Are you suggesting that it was commonplace for machine learning models to be able to extrapolate medical case reports into an actual diagnosis? Even being able to read and understand a case report is a minor miracle in extrapolation, and it’s interesting how far the goal posts move.
I have another example of ChatGPT not generalizing but just being a really good statistical model. I needed a solution to a problem that you can't find on Google, and a variation of a problem that also can't be found on Google. I attempted to obtain around 15 lines of code from ChatGPT that would solve the problem, but it consistently failed to produce the correct solution. I spent a few hours trying different prompts, indicating its errors and receiving apologies, only for it to generate another incorrect solution while acknowledging its mistake.
Solving out of distribution problems correctly seems almost impossible for it.
GPT 3.5 or 4? Surprisingly it makes a huge difference. I think a lot of peoples’ impressions are with 3.5, but many startups couldn’t have been built on it, whereas with 4 they can.
If it was 4 I’d be curious about the specific problem if you’d be willing to link to the chat.
I had similar issue with gpt4, was looking for a library that given a grammar and a string, would produce a list of next valid symbols.

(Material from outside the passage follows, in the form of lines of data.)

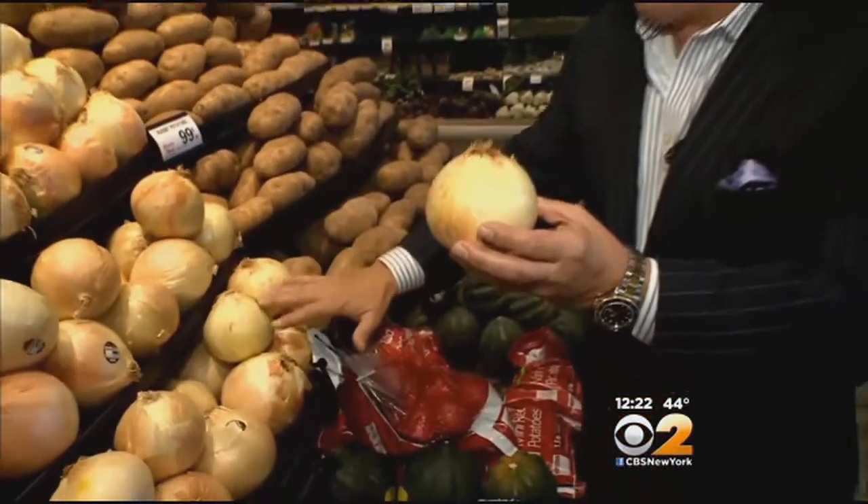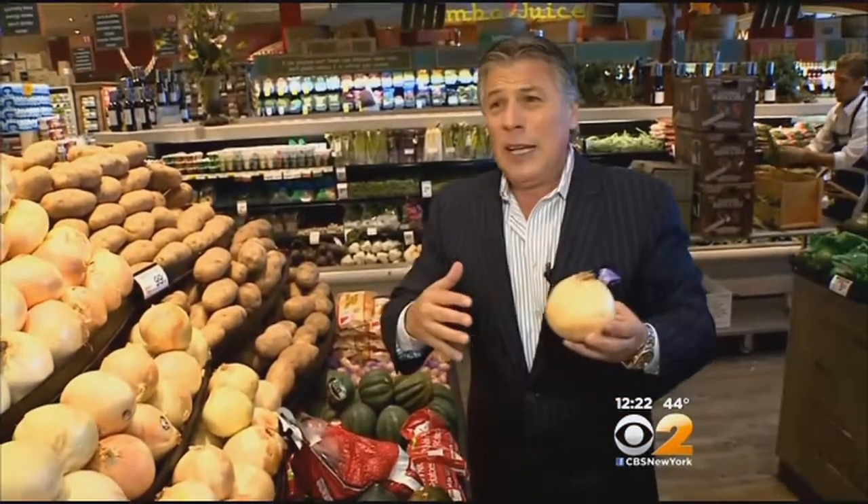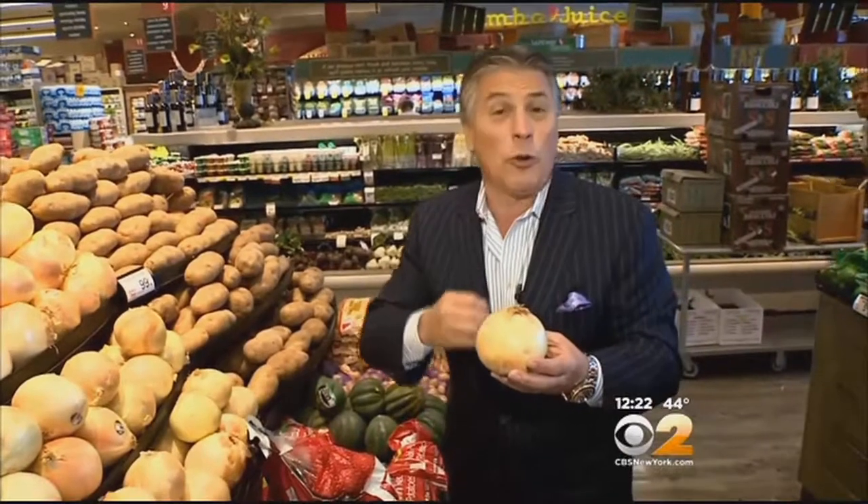When you bring them home, always store the onions in a cool dry place. I like to keep them in the garage or someplace away from the sun — very important, because too much sunlight or too much light will change the flavor of the onions.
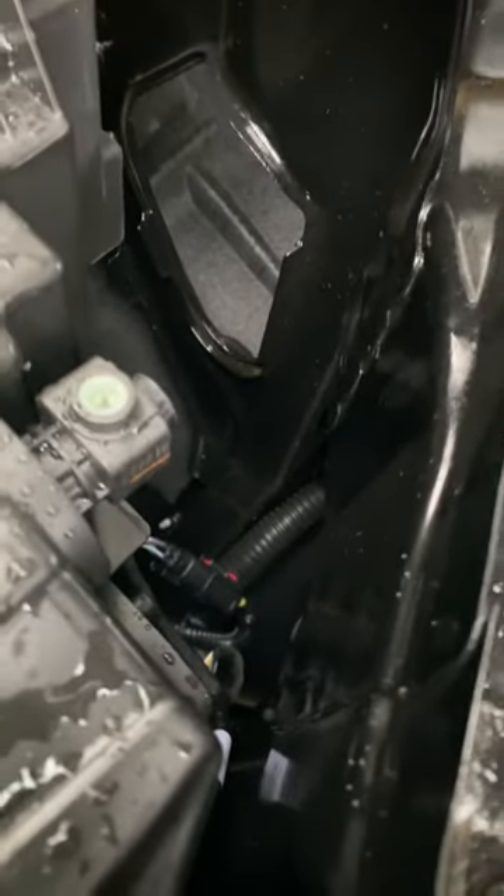Once I can get this back on I'm going to zip tie it. You run it down alongside where the headlight plugs in — unplug it, plug it into the wiring harness, push the red clip, and you're done. Same thing when you go to put it back on.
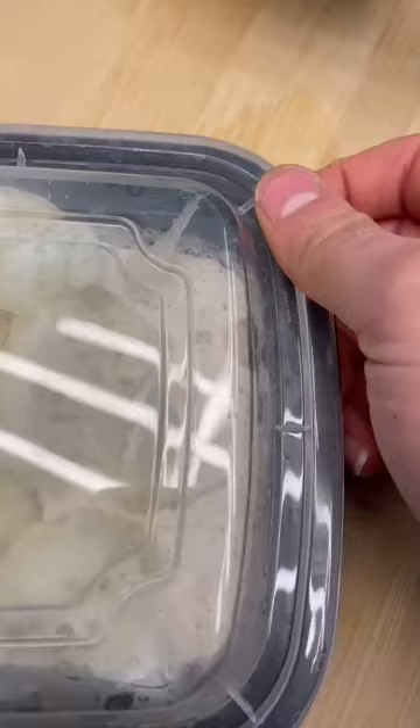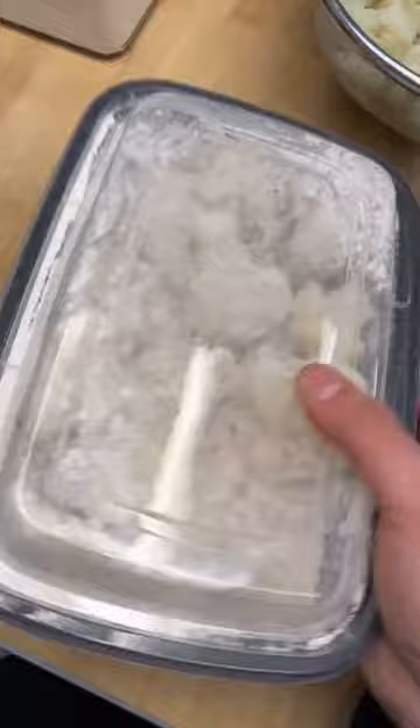Now you're gonna pretend you're an obnoxious salad girl at lunch and shake that with the Tupperware. Crack two eggs right in there and whisk it all up.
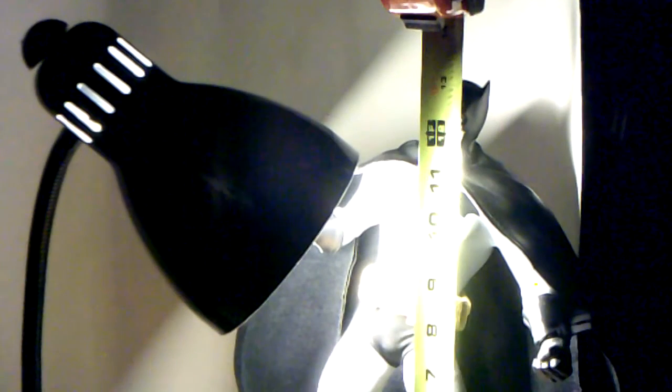Batman stands at thirteen and a half inches — had to get my measuring tape out. He's a little bit bigger than your Sideshow figures. Let's get some size comparisons.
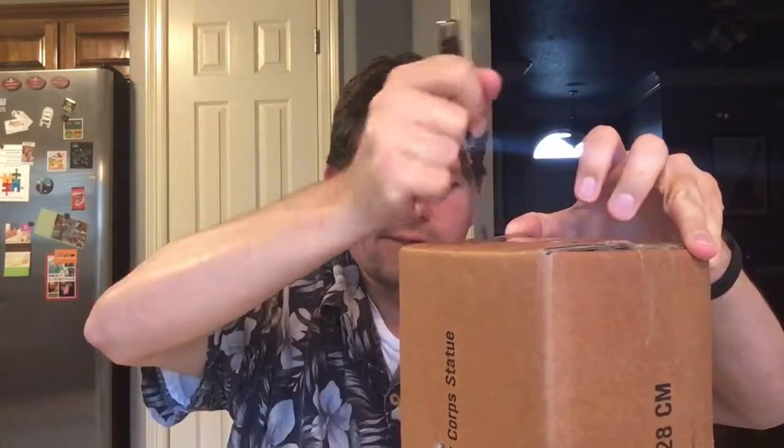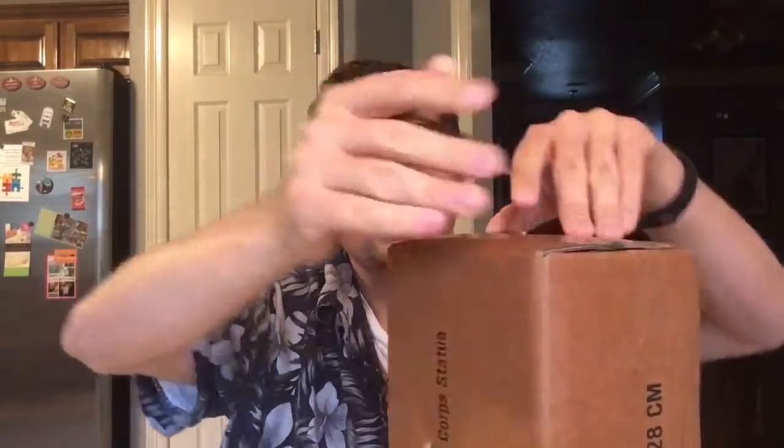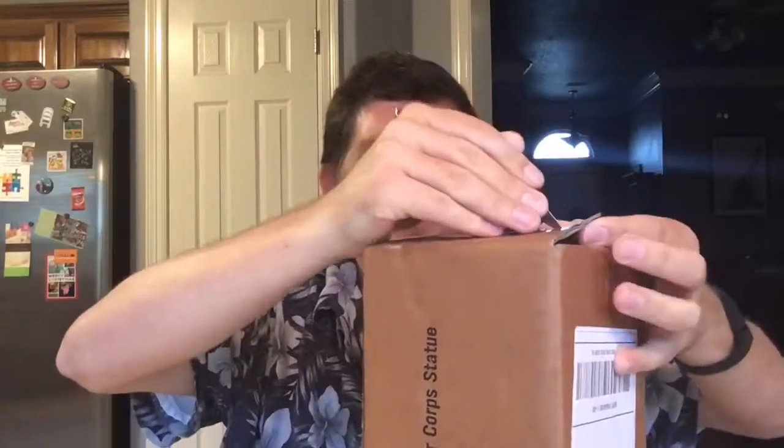I think this is the bottom because this end feels heavier, so let's do it like this. There's no indication on here, but anyway, get out our trusty knife. You're supposed to cut away from yourself, so let's do that. It is bound so tightly I could not get a knife into the seams. Let's safely close our knife.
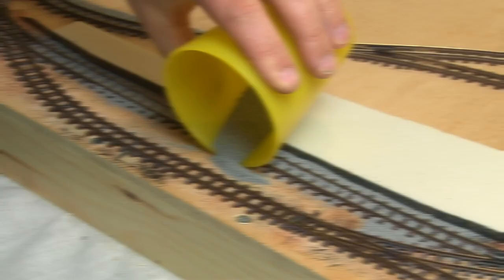In today's episode, I install point motors on the layout, build a platform for the station, and get on with ballasting the track.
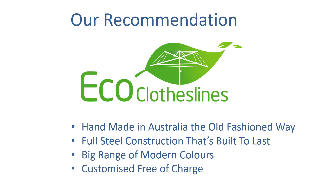When it comes to clotheslines that are 210cm wide we do recommend the Eco clotheslines range. They are handmade in Australia the old-fashioned way, with full steel construction. They're designed and made in Australia and really built to last for the tough Australian conditions. The big range of modern colors is also a high point, meaning you can get a color that fits in with your home's color scheme. And if you need any customization, that's all done free of charge in the factory so the clothesline comes out exactly to the right size — for example, if you had a space of 215cm we can make the clothesline exactly to that size for you, free of charge.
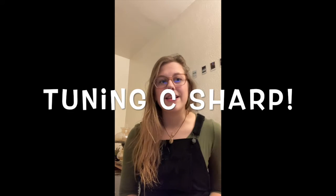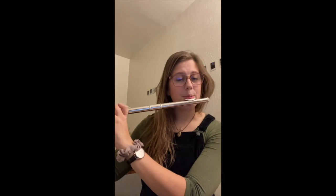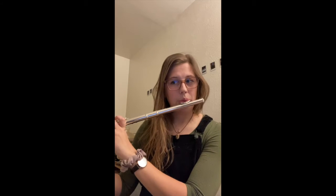I want to introduce you to — or maybe reiterate — that C sharp on the flute is a super attitude note. This isn't because it's so high or so low that it's impossible to control; rather, we only have one key down, our E flat key, and so it makes it super flexible. See how much you can bend it and take note, because it's something we really need to be aware of on our C sharps.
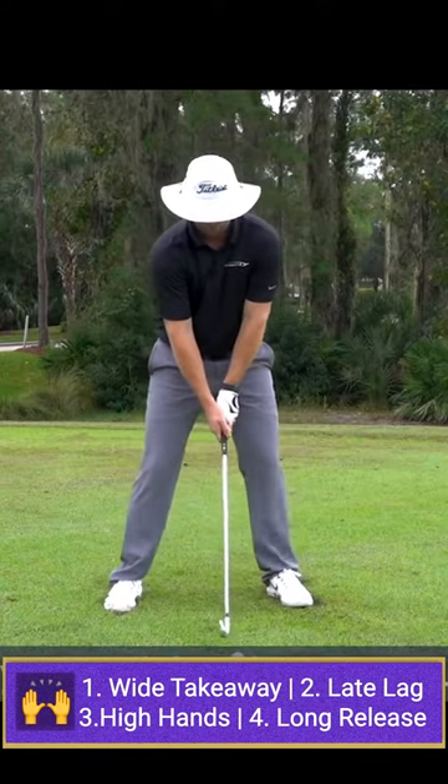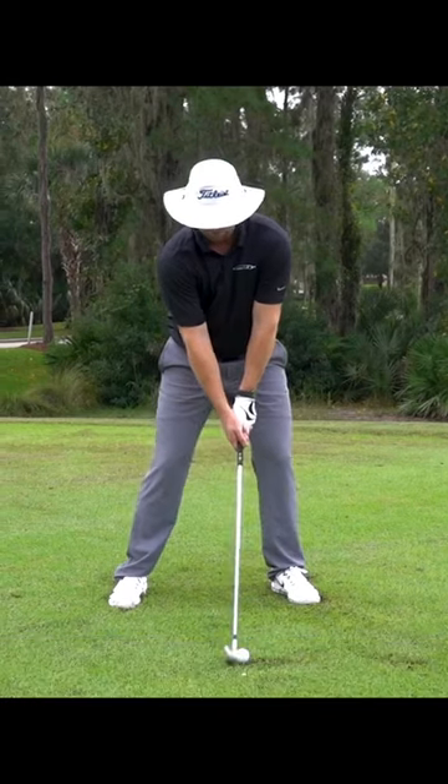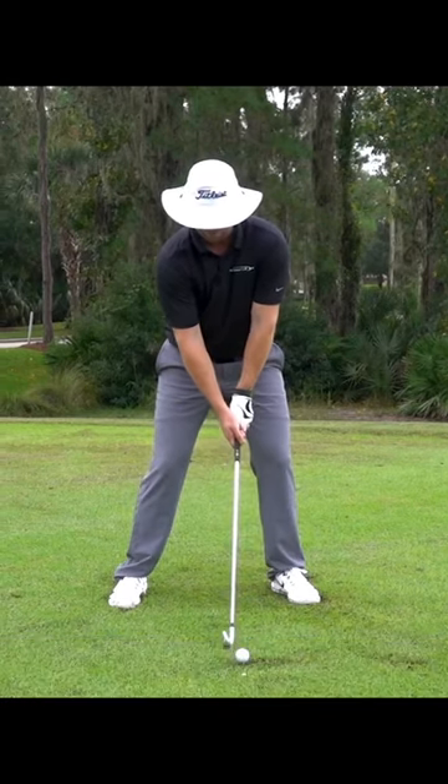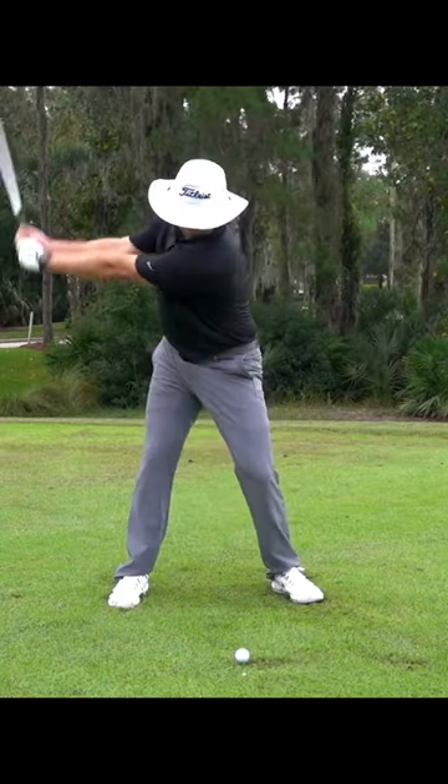So again, I have a four iron here. You saw the last two didn't go all that far, but this one's going to really ramp up the speed here. Let's try it out. There we go — hit that one pretty good.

Gpt4 only ever suggested grammar validator to the point I had given up and was going to write a grammar generator, and so I started looking for the equivalent of antlr in python, and in three searches I find out nltk.grammar that actually solves the original problem
It's not a new library either, so I'm dumbfounded by why gpt4 couldn't make sense of my request.
I tried this to see. It does suggest using validators, though in a way that mostly solves the problem. The failure mode is when the string is valid complete or extended. It does have a bit of a workaround for that.
No because if I add space to the original string I don't get a valid string
Or given the context space is a valid production from the last error, but then I would need to roll back the incomplete "do" terminal and lose that context.